В предыдущей главке была сделана попытка изобразить чувственность, рассудок и разум в свете гётевской методологии, т. е. в свете как раз совокупного участия всех сил в доминирующей деятельности каждой из этих способностей. Их высочайший уровень у Гёте обусловлен именно отсутствием какой-либо изоляции между ними. Все они сообща делают единое дело, и если в какой-то определенный момент рабочий участок предоставлен одной из них, то действует она не на свой страх и риск, приняв позу эдакого романтического выскочки-одиночки, играющего на расшатанных душевных струнах толпы зрителей, а с помощью всего коллектива, срочно мобилизованного на данный участок. Гёте и здесь (хотя в гораздо более совершенном виде) обнаруживает свой греческий опыт; тем и поразили его в молодости античные архитектурные постройки, что в них даже самые незначительные детали, остающиеся скрытыми для глаза, выполнены с такой же тщательностью и виртуозностью, как и детали, бросающиеся в глаза. Оттого и сбрасывают чувства с себя струпья субъективных капризов и транспарируют выблесками нравственного, оттого и становится рассудок мостом между расчлененными им предварительно факторами явления (как жертвующая собою «зеленая змея» в «Сказке» Гёте), оттого и достигает разум «вечно деятельной жизни, мыслимой в покое», что действуют все они не по принципу эффективной изолированности, а как братский коллектив или как «цех вольных каменщиков», давно изживший ребяческую эстетику «героического пессимизма» и делающий дело. В этом коллективе Гёте обнаруживает еще одну, четвертую, и, пожалуй, наиболее удивительную способность: фантазию.

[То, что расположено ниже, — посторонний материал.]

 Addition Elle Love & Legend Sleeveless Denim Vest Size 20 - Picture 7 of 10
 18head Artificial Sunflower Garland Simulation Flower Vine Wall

Фантазия, по Гёте, «дополняет чувственность в форме памяти, доставляет рассудку миросозерцание в форме опыта, оформляет или находит образы для идей разума и тем оживотворяет человеческое единство в его целом, которому без нее пришлось бы погрузиться в жалкое ничтожество». Она, стало быть, не только полноправна с «тремя сестрами-способностями», но и играет по-своему уникальную роль в их бесконечных конфигурациях. Ничто настоящее, такова мысль Гёте, невозможно без хотя бы капельки этой волшебной эссенции, гомеопатически преображающей весь строй познания; фантазия и есть то «чуть-чуть», с которого начинается искусство и с которого должна начаться наука, если она хочет быть веселой, а не имитировать, по слову Гёте, «гримасничающую серьезность совы». Именно в фантазии дан залог преодоления отчужденности между научным методом и художественным ви|’дением; она играет в соединении науки и искусства ту же роль, что кантовская схема в подведении содержания под форму. Действуя в чувственном, она порождает искусство; прохватывая разум – философию и науку; водительница чувственного и любимица разума, она – сама «magna charta libertatis» (великая хартия вольностей), к законам которой, по Гёте, «рассудок не в состоянии и подступиться». Для рассудка она навсегда остается загадкой; рассудок, говорит Гёте, «покоится на чувственности… и на самом себе», фантазия же «витает над чувственностью и притягивается ею». Кантовский познавательный акт рисует четкие последствия отсутствия этой способности; без нее чувственность слепа, рассудок пуст, а разум, хоть и высокороден, но бессилен (схема такого разума – обнищавший дворянин, находящий утешение в вере).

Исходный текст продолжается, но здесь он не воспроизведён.